London (April 29) - Gold prices slipped on Monday from a more than one-week high hit in the previous session as strong data from China and the United States buoyed stock markets, denting the appeal of bullion.

Spot gold was down 0.3 percent to $1,282.26 per ounce at 1007 GMT. U.S. gold futures shed 0.3 percent to $1,284.50 an ounce.

Global shares rose, supported by data showing profits at Chinese industrial firms grew for the first time in four months and a strong reading of U.S. first quarter growth data last week.

“Since quite some time it’s been a risk friendly market, with equities on the rise. Gold prices are also trading below a very important level of $1,300, which is weighing on the market,” Commerzbank analyst Eugen Weinberg said.

The recent uplift in equities has led investors cut their exposure to gold, with holdings of SPDR Gold Trust, the world’s largest gold-backed exchange-traded fund, falling to its lowest since Oct. 19 at 746.69 tonnes on Friday.

Holdings have fallen by over 3 percent since the beginning of this month.

Hedge funds and money managers also increased their bearish wagers on COMEX gold in the week to April 23, the U.S. Commodity Futures Trading Commission (CFTC) said on Friday.

“We remain in a very uncertain period for gold though. On the one hand, the environment is primed for gold to come under more pressure, but when we broke through $1,280 two weeks ago, any downside momentum quickly faded,” OANDA senior market analyst Craig Erlam said.

Gold on Friday rose to its highest since April 16 at $1,288.59 and also posted its biggest weekly percentage gain in five weeks.

“We saw a nice pop higher at the end of last week as the dollar softened a little on the back of the GDP data.
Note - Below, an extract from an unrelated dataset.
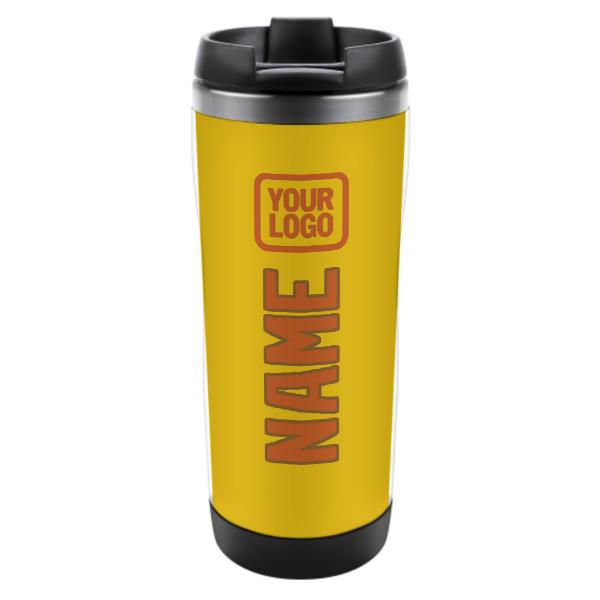 Maßgeschneidertes Gold Orange Edelstahlbecher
The headline number was strong - and much better than expected - but the underlying figures are less impressive,” Erlam said.
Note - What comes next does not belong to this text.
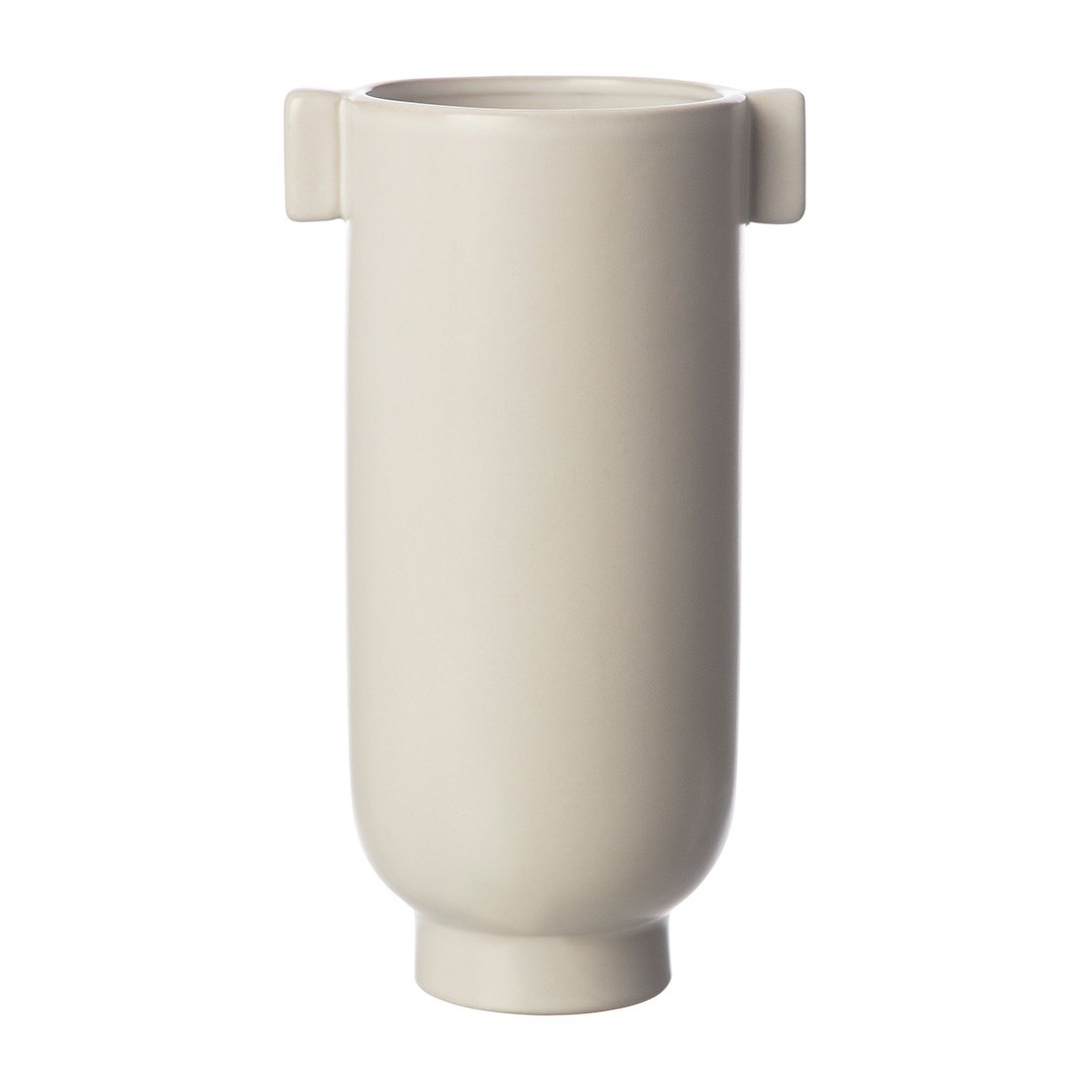 ERNST Ernst vase med hank 21 cm Hvit sand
The U.S. GDP data instigated questions about the actual economic strength of the country, since the quarterly growth figures were largely driven by temporary factors like a smaller trade deficit and the largest accumulation of unsold merchandise since 2015.

Data showed the core personal consumption expenditure price index figure, the Fed’s preferred metric of inflation, increased at a rate of only 1.3 percent versus 1.8 percent in the prior quarter.

Investors are now looking ahead to the Federal Reserve policy meeting and a raft of global data including on U.S. core inflation and payrolls this week.

Elsewhere, silver fell 0.5 percent to $14.99 per ounce, while platinum gained 0.1 percent to $895.25.

Palladium was down 0.1 percent at $1,463.51, having climbed to its highest in a month at $1,466.42 earlier in the session.